_What you need to do_. The line containing "[工作总结] 2022年公司党建工作 - 2022年公司党建工作思路与实施方案.docx_第1页" marks the start, and the last line of the records below marks the end. Print that run exactly and nothing else.

[[ Extracted information, beginning ]]

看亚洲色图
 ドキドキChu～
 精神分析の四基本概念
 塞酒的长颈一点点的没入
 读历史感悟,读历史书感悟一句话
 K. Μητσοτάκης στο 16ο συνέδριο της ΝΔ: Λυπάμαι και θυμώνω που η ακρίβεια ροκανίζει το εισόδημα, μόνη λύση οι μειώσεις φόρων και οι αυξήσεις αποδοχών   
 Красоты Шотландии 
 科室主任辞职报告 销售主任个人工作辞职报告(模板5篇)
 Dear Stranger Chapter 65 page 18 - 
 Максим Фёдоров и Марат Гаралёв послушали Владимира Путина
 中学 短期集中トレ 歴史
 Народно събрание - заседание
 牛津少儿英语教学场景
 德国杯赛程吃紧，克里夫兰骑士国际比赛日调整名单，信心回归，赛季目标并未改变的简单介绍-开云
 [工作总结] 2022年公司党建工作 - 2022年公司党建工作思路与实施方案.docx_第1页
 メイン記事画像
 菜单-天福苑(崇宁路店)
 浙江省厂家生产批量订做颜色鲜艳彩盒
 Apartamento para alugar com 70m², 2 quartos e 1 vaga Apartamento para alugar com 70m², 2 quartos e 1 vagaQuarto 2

[[ Extracted information, end ]]

_Exercise result_.
 [工作总结] 2022年公司党建工作 - 2022年公司党建工作思路与实施方案.docx_第1页
 メイン記事画像
 菜单-天福苑(崇宁路店)
 浙江省厂家生产批量订做颜色鲜艳彩盒
 Apartamento para alugar com 70m², 2 quartos e 1 vaga Apartamento para alugar com 70m², 2 quartos e 1 vagaQuarto 2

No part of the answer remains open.